▶ _Work required_
Below are the entries. Print only the lines starting at the one with "Weg met dje" and ending at the one with "French Connection Oxford", exactly, with no pictures.

▶ _Exercise data_
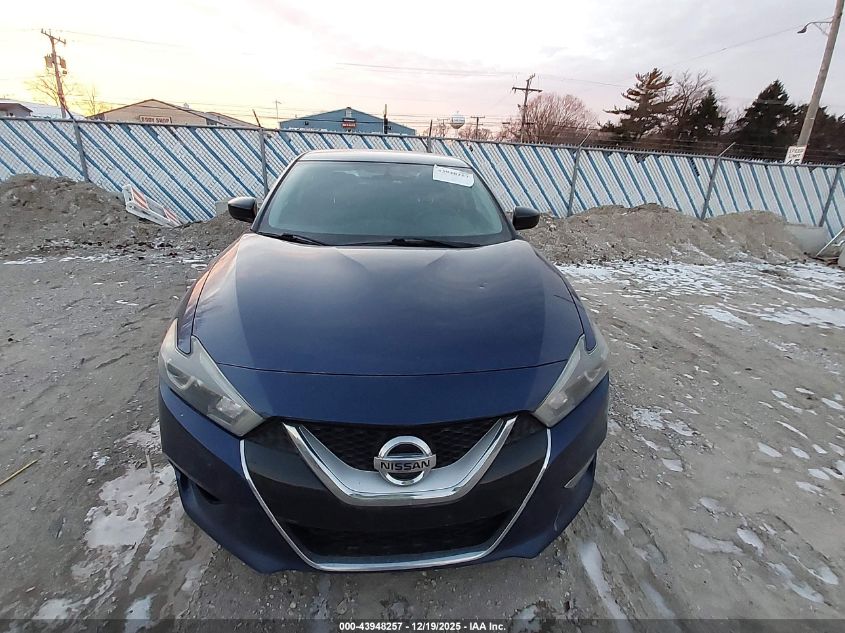 2017 Nissan Maxima 3.5 Platinum/3.5 S/3.5 Sl/3.5 Sr/3.5 Sv VIN: 1N4AA6AP4HC379049 Lot: 43948257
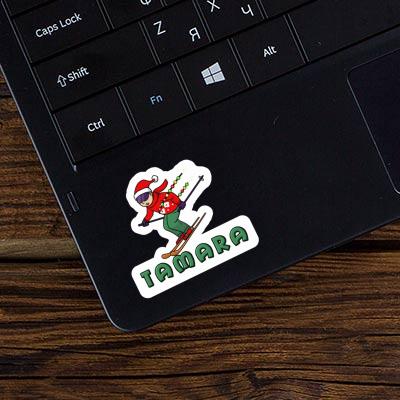 Skifahrer Sticker Tamara Notebook Skifahrer Sticker Tamara Gift package Image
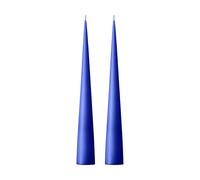 ester & erik Bougie cônique ester & erik 37 cm Lot de 2 mat Cornflower 48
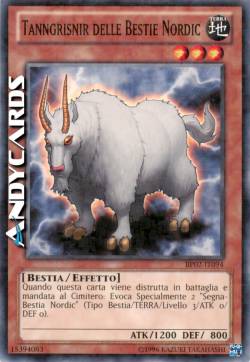 TANNGRISNIR DELLE BESTIE NORDIC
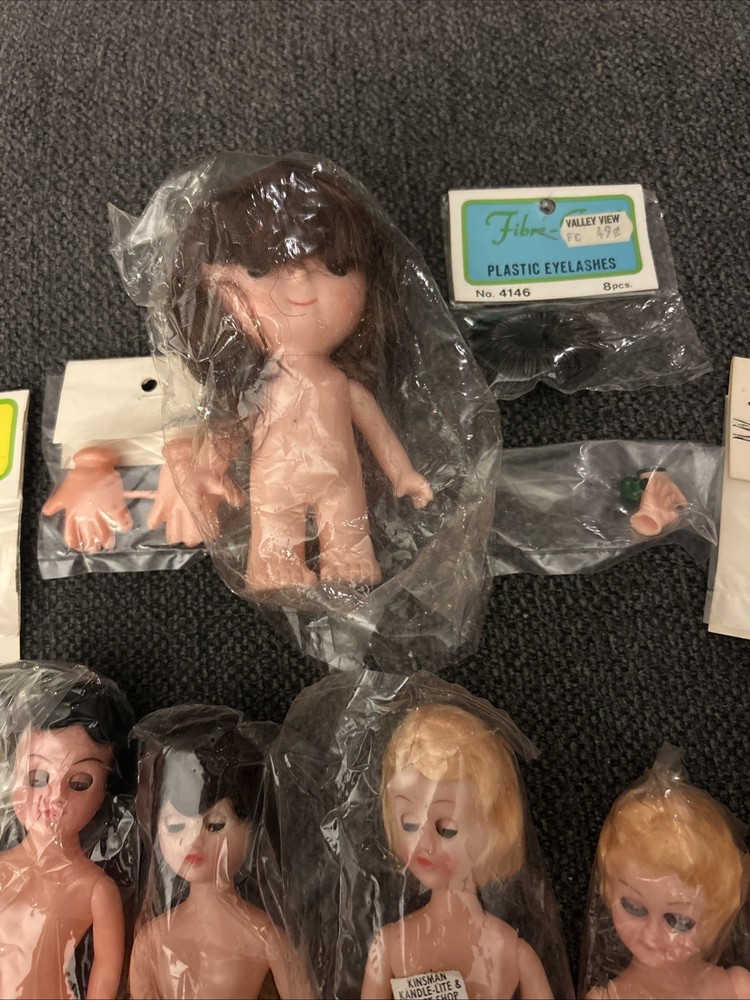 DOLL PART LOT NEW IN PACKAGE (B2)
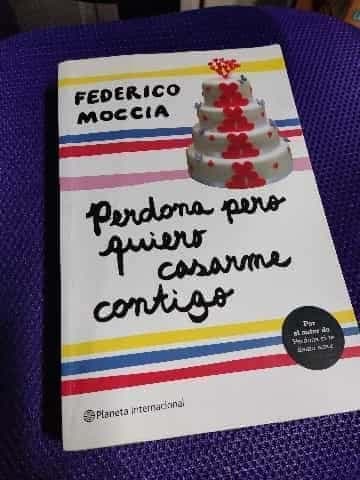 Perdona pero quiero casarme contigo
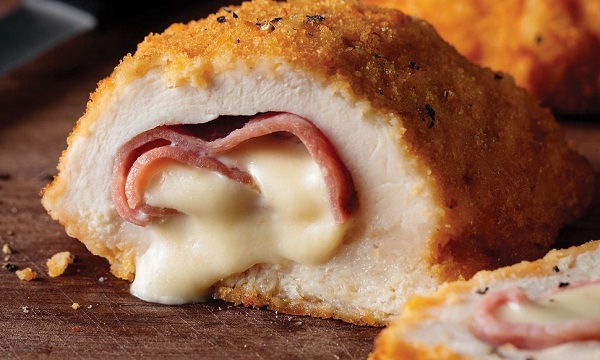 طريقة تحضير الكوردون بلو Cordon Bleu بطريقة سهلة 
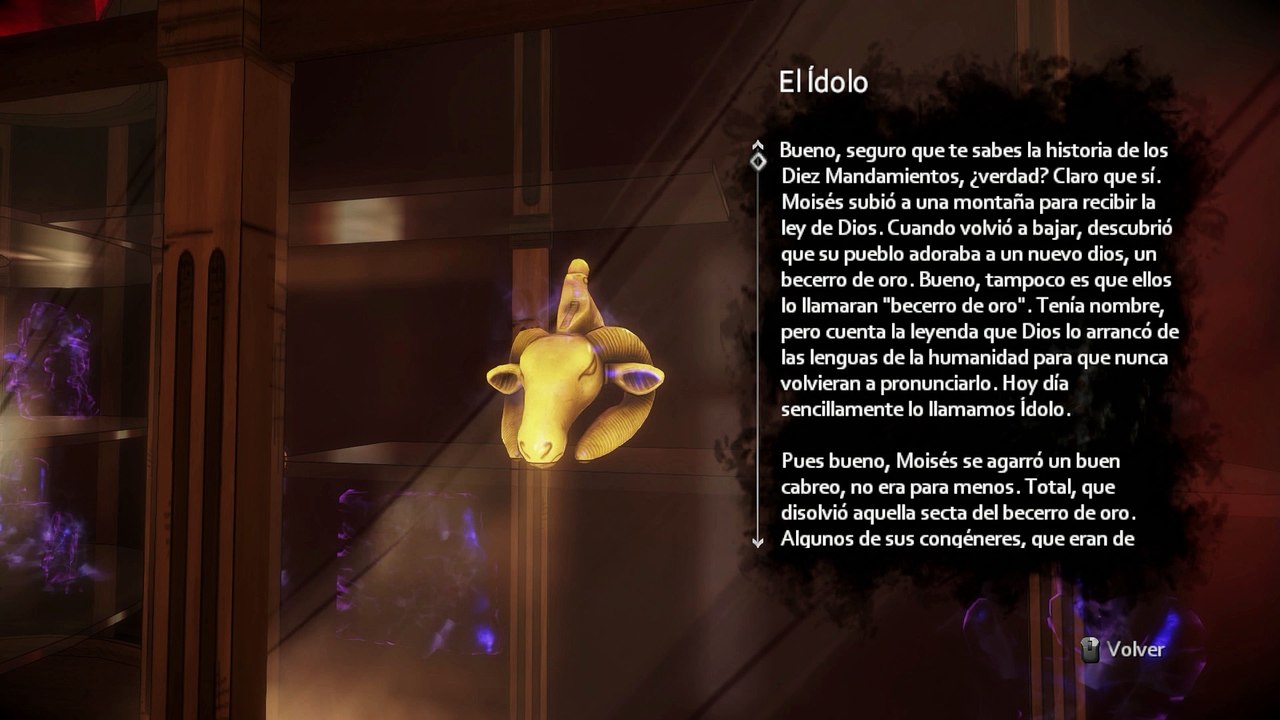 The Darkness II | Reliqias | El Ídolo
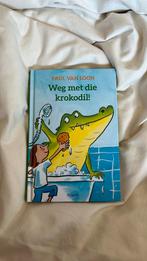 Weg met dje krokodil! - Paul van Loon, Ophalen of Verzenden, Nieuw, Paul van Loon, Fictie algemeen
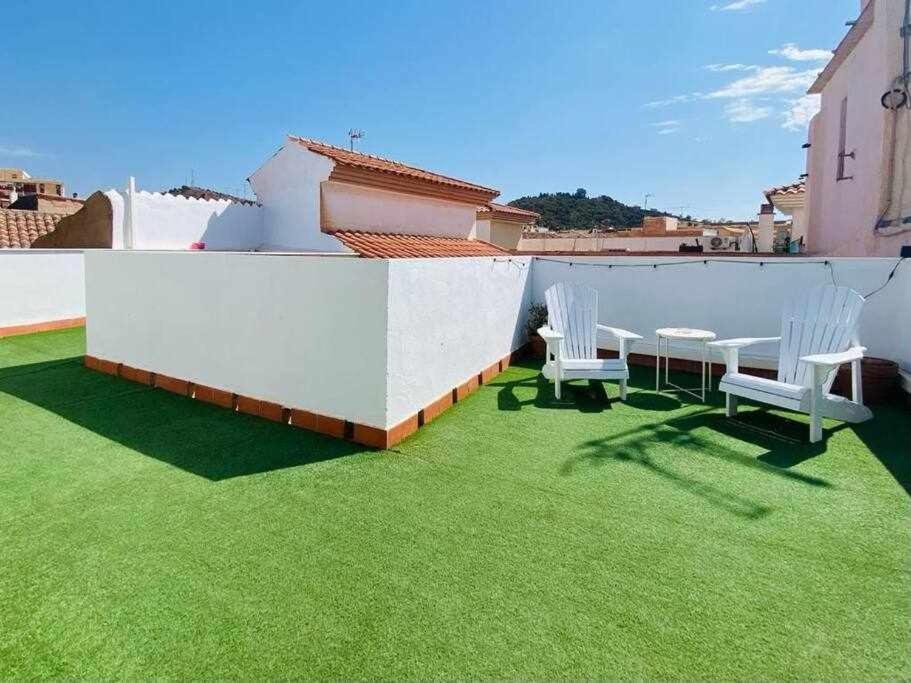Апартаменты Espectacular Atico Con Solarium En Centro Historico Малага Экстерьер фото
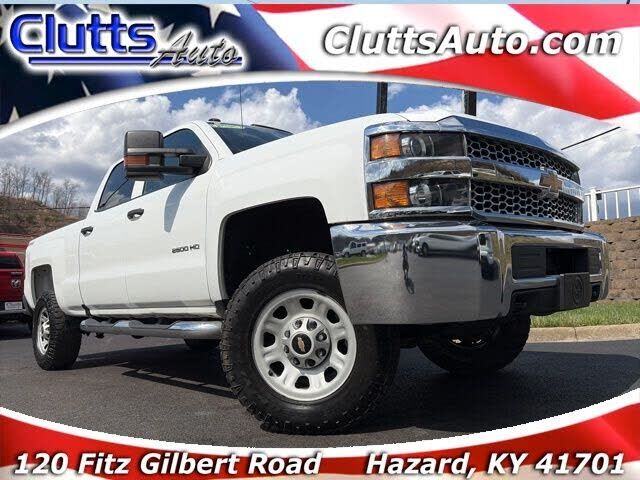2019 CHEVROLET Silverado HD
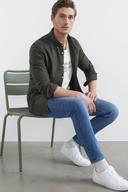 French Connection Oxford Slim Fit Shirt in Khaki M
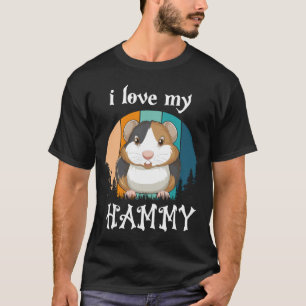 J'adore mon T-Shirt Hammy pour les amateurs de ham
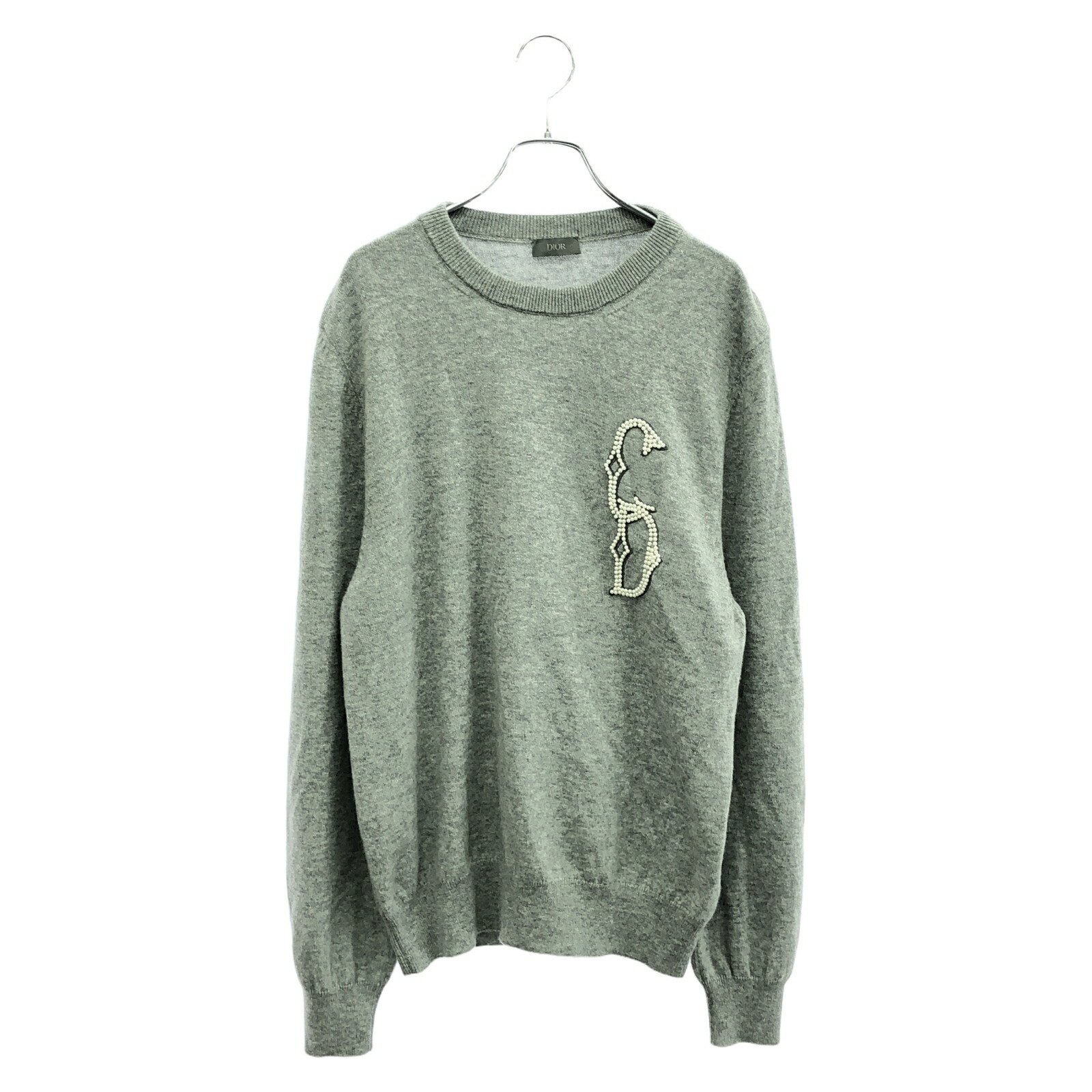 楽天市場】ディオール Dior カシミヤ×ウール 1947 ロゴ 長袖 ニット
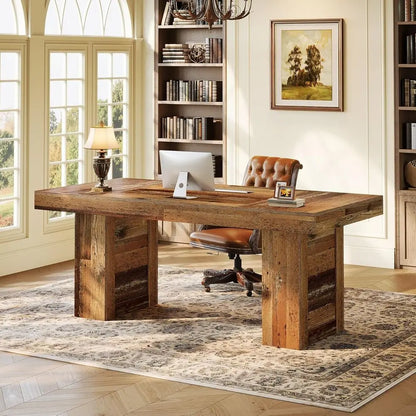 63" Executive Desk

▶ _Task answer_
 Weg met dje krokodil! - Paul van Loon, Ophalen of Verzenden, Nieuw, Paul van Loon, Fictie algemeen
Апартаменты Espectacular Atico Con Solarium En Centro Historico Малага Экстерьер фото
2019 CHEVROLET Silverado HD
 French Connection Oxford Slim Fit Shirt in Khaki M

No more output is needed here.